Home / Opinion / Columns /  The nine lives of India’s National Family Health Survey

The widespread attention garnered by the latest findings of the National Family Health Survey (NFHS) shows that it has established itself as a credible database today. This marks a remarkable turnaround for a survey that received a hostile reception when it first began life in the early 1990s.

When the US Agency for International Development (USAID) first started its Demographic and Health Survey (DHS) programme in the 1980s to study fertility behaviour in the developing world, India viewed it with scepticism. The fall of the Berlin Wall in 1989 changed India-US relations, paving the way for the country’s first DHS survey in 1992-93. But the decision courted controversy. India’s statistical establishment questioned the need for a new demographic survey, given India’s long-standing record in producing such statistics on its own. It expressed fears that the well-funded survey would drive up survey costs for all organizations in a ratchet effect. The most potent criticism came from Left activists, who characterized it as an “imperialist" tool to control the Third World’s population. The claim was not entirely disconnected from reality. The infamous Kissinger report of 1974 had been declassified by then, and it exposed why the US was keen to fund fertility research: the fear that an ‘explosion’ in Third World numbers would create masses of discontented youth, who would fall prey to communism and undermine US commercial interests globally.
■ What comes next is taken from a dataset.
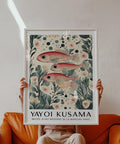 Red and cream Fish Artwork Prints with oversized-eyed fish and leafy shapes.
Neither India’s statistical establishment nor the Left had much influence over policy even then, and the survey went ahead despite their objections. But doubts remained. The health ministry demanded a sample reverification by an independent team, which USAID refused to fund. Finally, the ministry used its own funds for the exercise and decided to publish the results only after that second survey. Still, academics remained wary of using the survey’s data.
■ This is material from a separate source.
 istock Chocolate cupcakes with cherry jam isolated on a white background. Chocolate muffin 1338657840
The academic opinion shifted to some extent when two renowned demographers, Pravin Visaria and S. Irudaya Rajan, hailed the NFHS as a landmark survey in an Economic and Political Weekly article published in 1999. They explained how it filled important data gaps in the country and argued that few surveys in India had shown such a concern for verification and quality control.

The second round conducted in 1998-99 got greater attention than the first, but it was the third round of 2005-06 that finally brought the NFHS into prominence. The results of the third round were released in 2007, when India was in the middle of an unprecedented growth boom. The stasis in child malnutrition rates reported by it seemed to suggest that the boom had left many behind. It was a section of the Left and those in the right-to-food movement who played an important role in drawing the country’s attention to those startling findings.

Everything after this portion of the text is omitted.